Myalgic Encephalomyelitis (ME)/Chronic Fatigue Syndrome (CFS)
Myalgic encephalomyelitis (ME), also referred to as chronic fatigue syndrome (CFS), is a chronic, complicated disorder whose primary feature is extreme, seemingly unexplainable fatigue. The illness may also be commonly abbreviated as ME/CFS. The characterizing fatigue can worsen after physical and mental activity, but does not improve with rest. This fatigue seriously hinders the person’s ability to do normal tasks that were not a problem before getting sick. It can lead to serious lifestyle restrictions and make it difficult for patients to maintain a job.
ME/CFS can affect people of all ages and sexes, but it is most common in people between 30 and 50, and affects females more often than males. It is believed that ME/CFS is very underdiagnosed due to lack of education about the illness as well as limited access to healthcare.
The severity of symptoms can fluctuate with time, some symptoms will come and go, and not every individual will have all the symptoms listed below. They include:
- Intense fatigue that isn’t helped by rest
- Inability to do simple activities (taking a shower, cooking, doing laundry) that were once doable, because of the fatigue
- Worsening of symptoms after an activity that wouldn’t have been a problem before getting sick
- Very low stamina
- Being confined to bed
- Problems with thinking and concentrating that might feel like a “brain fog”
- Blurred vision
- Sleep problems
- Worsened symptoms when standing or sitting up
- Pain in muscles and/or joints
- Sore throat
- Swollen lymph nodes in the neck and/or armpits
- Bowel dysfunction
ME/CFS treatment focuses on lessening whatever symptoms may appear. It includes:
- Avoiding overexertion
- Establishing good sleep habits
- Pain management
- Physical therapy focusing on forming a plan of what exercises are best for the patient
- Cognitive therapy
- Low doses of antidepressants
- Changes in diet
Veronica Jones’ Story
In 1996, Veronica Jones came down with a flu-like virus. However, she did not give herself enough time to rest and recover while she was ill. Instead, she went on vacation and pushed herself to get back into the swing of things before she was feeling better. This decision rid her of any energy she had and thus led to her developing post virus fatigue, and ultimately ME.
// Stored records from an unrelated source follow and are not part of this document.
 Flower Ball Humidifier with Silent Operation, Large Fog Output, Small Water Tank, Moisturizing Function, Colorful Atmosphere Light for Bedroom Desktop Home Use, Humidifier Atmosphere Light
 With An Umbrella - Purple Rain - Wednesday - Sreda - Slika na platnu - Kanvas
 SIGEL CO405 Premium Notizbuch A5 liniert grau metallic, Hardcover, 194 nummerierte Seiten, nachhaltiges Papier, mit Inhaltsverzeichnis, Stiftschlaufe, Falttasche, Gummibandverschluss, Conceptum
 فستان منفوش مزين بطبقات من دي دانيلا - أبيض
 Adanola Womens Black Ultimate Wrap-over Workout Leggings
At only 58-years-old, Jones found herself using a wheelchair to get around, and a few short years after that she was spending most of her time in bed. Now, she has been dealing with her diagnosis of ME for the past 26 years.
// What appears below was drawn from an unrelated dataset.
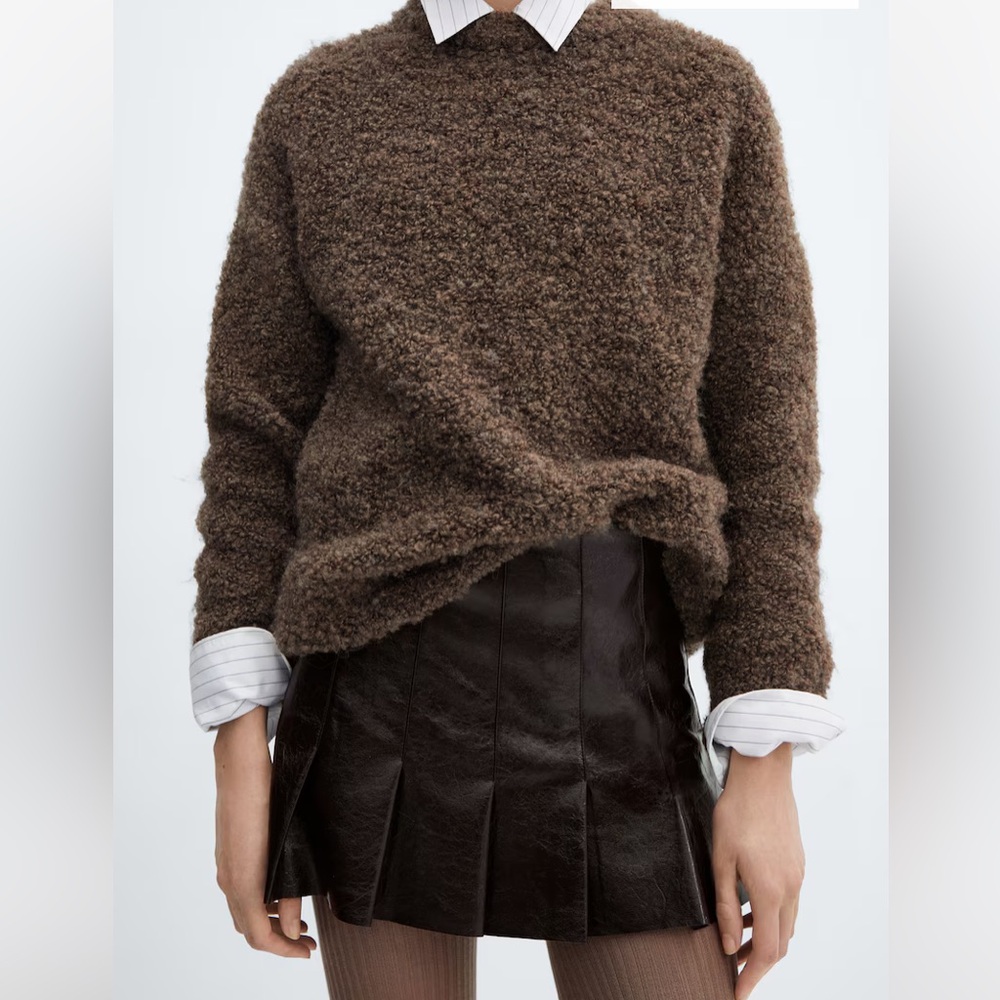 MANGO Leather Mini Skirt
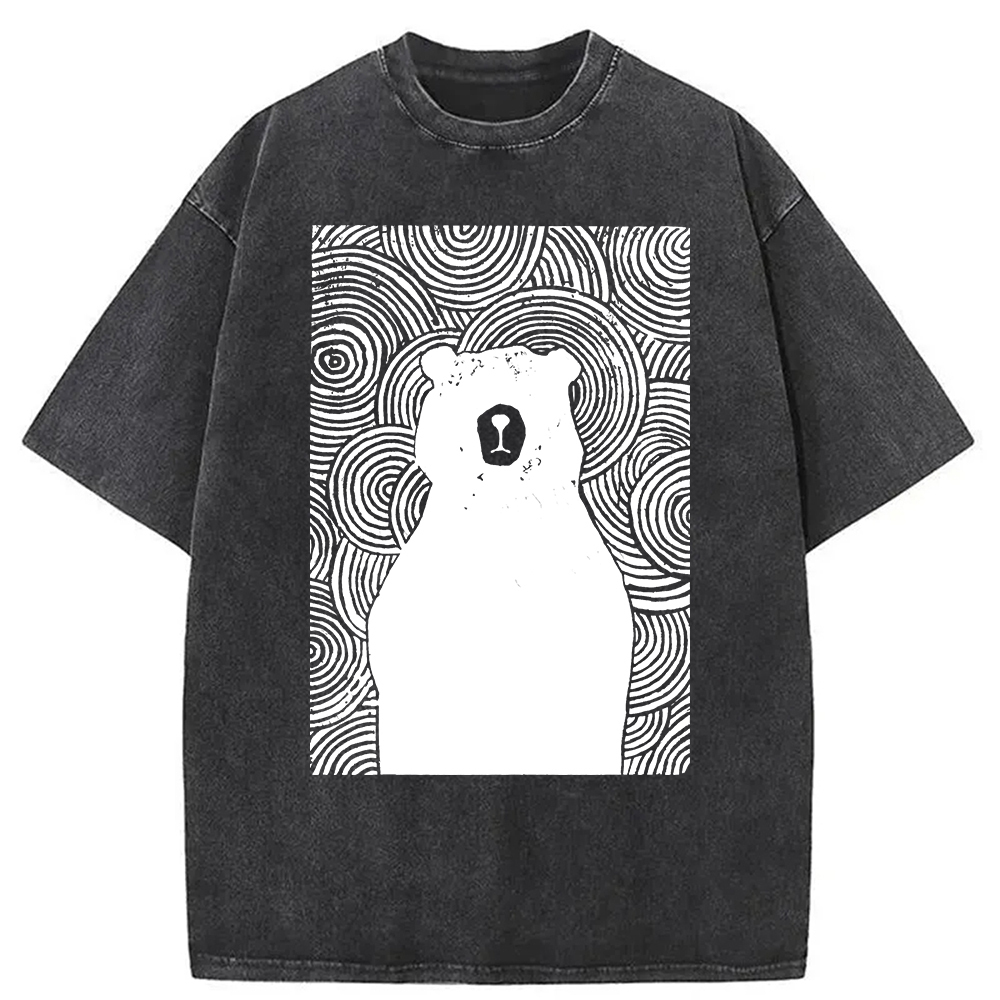 Vintage Line Bear Washed T-Shirt Soft Comfortable Daily T Shirt Gifts For Friends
Jones says that even simple interactions, such as seeing her family that lives far away and whom she doesn’t see often, are exhausting and leave her confused. Despite her difficulties, she continues to find joy in the small things, such as being able to sit outside in her garden.
Since her diagnosis, Jones has been working towards ending the stigma of laziness that surround people diagnosed with ME/CFS. She herself has experienced this bias with her own doctors, some of whom recommended exercising as a way to relieve her symptoms. The message is that patients need to push themselves in order to get better, a mentality that simply does not work.
Jones’ case is very severe and has limited her experiences in life greatly. She longed to do so many things, including traveling, seeing relatives, and walking her dogs. She has felt there is a lack of support for people diagnosed with ME, and with the condition being so life-altering, she believes this needs to be rectified immediately. A diagnosis of ME should not come with stereotypes of laziness, and there needs to be more support systems in place for those who are suffering.